La Vallée Village has always celebrated its relationship with culture, and not only through its art gallery exhibiting the works of both renowned artists such as Hervé di Rosa and Norman Parkinson and also young talents such as Christine Phung (featured in 2013). The Village has also celebrated this relationship through its role as Patron of the Arts, its continued support of the Grand Palais exhibition hall in Paris and its recent exhibitions related to fashion: by Élisabeth Louise Vigée Le Brun in 2015 to Irving Penn in 2017. And now La Vallée Village is reinforcing its passion for fashion with the Museum of Decorative Arts in Paris.
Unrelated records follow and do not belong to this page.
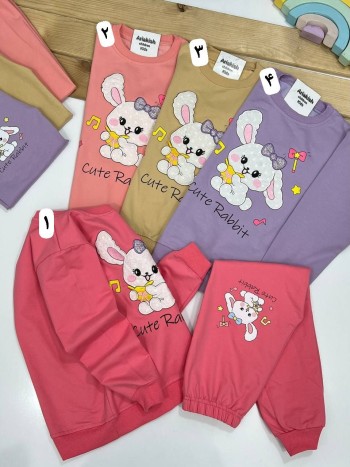 ست بلوز و شلوار کد 20486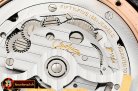 Glashutte Senator Tourbillon RG/LE White Roman Asia Tourbillon
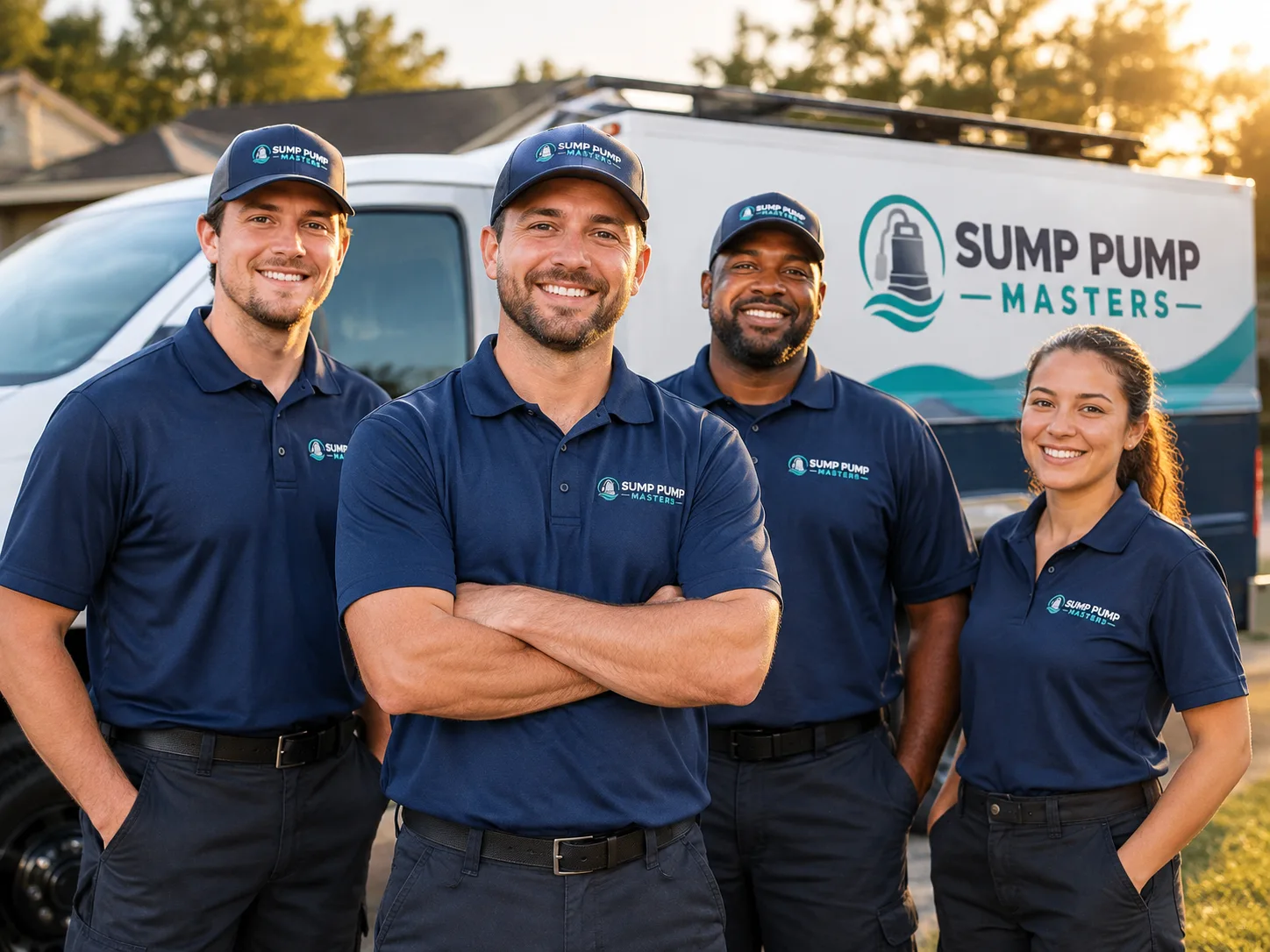 Sump Pump Repair company in East Springfield, PA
In partnership with La Vallée Village, the museum has created a new type of patronage based on the restoration of pieces from its textile collections – patient and unremitting work in the wings that brings the modernity of the past into the spotlight.
The story of style would never have survived without the patient devotion of museums. With their shared commitment to authenticity, La Vallée Village and the Museum of Decorative Arts have worked together to conserve five iconic masterpieces from the museum’s collections whose advanced deterioration had prevented them from being shown to the public.
These exceptional garments each relate a different story: from that of one of Marie Antoinette’s readers to that of Andrée Spinelly, an extravagant actress of the Belle Époque. The in-depth examination of the pieces – sometimes requiring innovative techniques – and their restoration has all the excitement of a period police investigation with a happy ending.
These newly restored masterpieces will be exhibited from 22 September to 22 October 2017 in the Period Rooms of the museum.
The silk dress with a floral chain motif and decorative trimmings (c. 1770) would have belonged to a reader to Marie Antoinette, possibly the young Sidonie Laborde, who remained in the service of the queen until her death. During their walks in the parks, places to see and be seen, ladies of the French aristocracy in the late eighteenth century frequently wore “pastoral clothes”.
Thought to have been worn by a French aristocrat of the Royal Court in the first half of the sixteenth century, this cape in red velvet with gold embroidery is one of the oldest and rarest items in the collection (there are less than a dozen in the world). Badly damaged, the material had to be strengthened and lined, and its sequins sewn on one by one.
A rare item, this wide-brimmed hat is decorated with small pendants in silk flowers, which were typically believed to be woven with pumpkin-type fibres. On closer examination, they were in fact revealed to be hibiscus fibres!
Charles Frederick Worth is generally considered to be the inventor of Parisian haute couture. At the end of the nineteenth century, he was the first to sign his creations, and to design collections twice a year. It was he who created this orange silk dress with feather motifs, a dress of particularly luxurious quality, commissioned by Mrs Franklin-Gordon Dexter.
One of the period fashion muses was Andrée Spinelly, a famous actress of the Belle Époque and friend of designer Paul Poiret. The research required for the restoration of this embroidered silk velvet tunic dress uncovered a photo of this dress with accessories, made in 1922 by the designer for ‘Spi’. This made an outfit (dress and accessories) composed before its time. The challenge for the restorer was to reduce the fabric stains and separate the amalgam of fabric hairs.